The Global Patient Advocacy Summit represents a robust commitment to headache medicine and a uniform approach to a patient-centric offensive against the disabling disease. Elevating the profile of migraine, educating patients on advocacy opportunities, strategizing solutions to overcome barriers to treatment and organizing awareness campaigns for employers, governments and the general public are key agenda items the summit will address.
At the conclusion of the one-day event, participants will collaboratively generate a white paper and a strategic blueprint for migraine patient advocacy that will be published in Cephalalgia, the International Headache Society’s medical journal.
Participating organizations include the World Health Organization, the U.S. Food and Drug Administration, various nonprofit organizations such as the American Migraine Foundation, American Academy of Neurology and other leading patient advocacy groups and national medical agencies from around the globe.

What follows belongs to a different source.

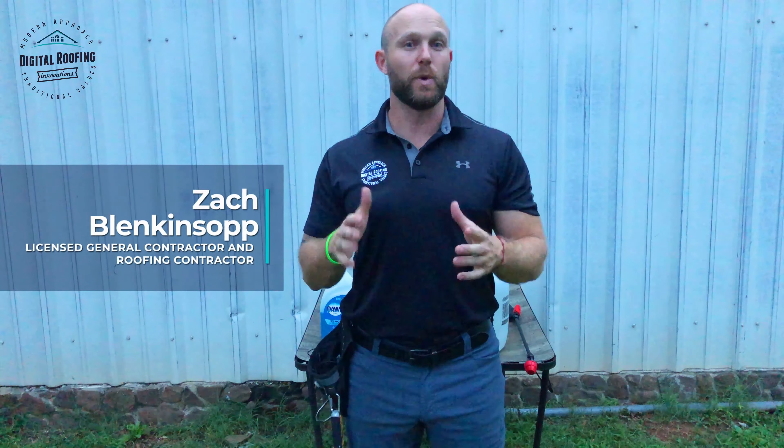Just so you know who you're getting advice from, my name is Zach Flinkensop. I'm a U.S. Navy veteran, active duty eight and a half years, and now I'm a general contractor in nine states and I have my roofing license in over nine states. I also do work all the way from Billy up the street to the United States government. So when you watch a video from Digital Roofing Innovations, understand that we're qualified, and I'm going to show you the absolute easiest way to get something done.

About the International Headache Society:
The International Headache Society is the world’s leading membership organization for all whose professional commitment, whatever their discipline, is to helping people whose lives are affected by headache. As a charity, the purpose of IHS is to advance headache science, education, and management, and promote headache awareness worldwide. Activities include publication of Cephalalgia, the biennial International Headache Congress, developing guidelines, the international headache classification, educating the next generation of headache specialists worldwide, online education materials and offering grants and fellowships to young physicians worldwide. For more information about the IHS, visit their website: http://www.ihs-headache.org
Migraine is the third most prevalent and sixth most disabling medical illness in the world. Despite the more than 1 billion people affected by migraine around the globe, it is vastly underrecognized and undertreated, and there remains tremendous disparity in patient access to education, healthcare services, and drug, device, and non-pharmacological treatments. Individuals who experience migraine have symptoms that include nausea, sensitivity to light and/or odors, skin sensitivity, fatigue, mood change, dizziness, difficulty concentrating, neck pain and changes in vision, including seeing spots, stars, lines, flashing lights and zigzag lines. The risk of other serious diseases is significantly higher in those with migraine, including stroke, epilepsy, depression, anxiety and chronic pain. Despite this, only one of every three people talk with a doctor about their migraine attacks and of those, only half get the right diagnosis. There is also a massive shortage of specialists focusing on migraine, with one specialist for every 65,000 individuals living with migraine, which worsens the problem.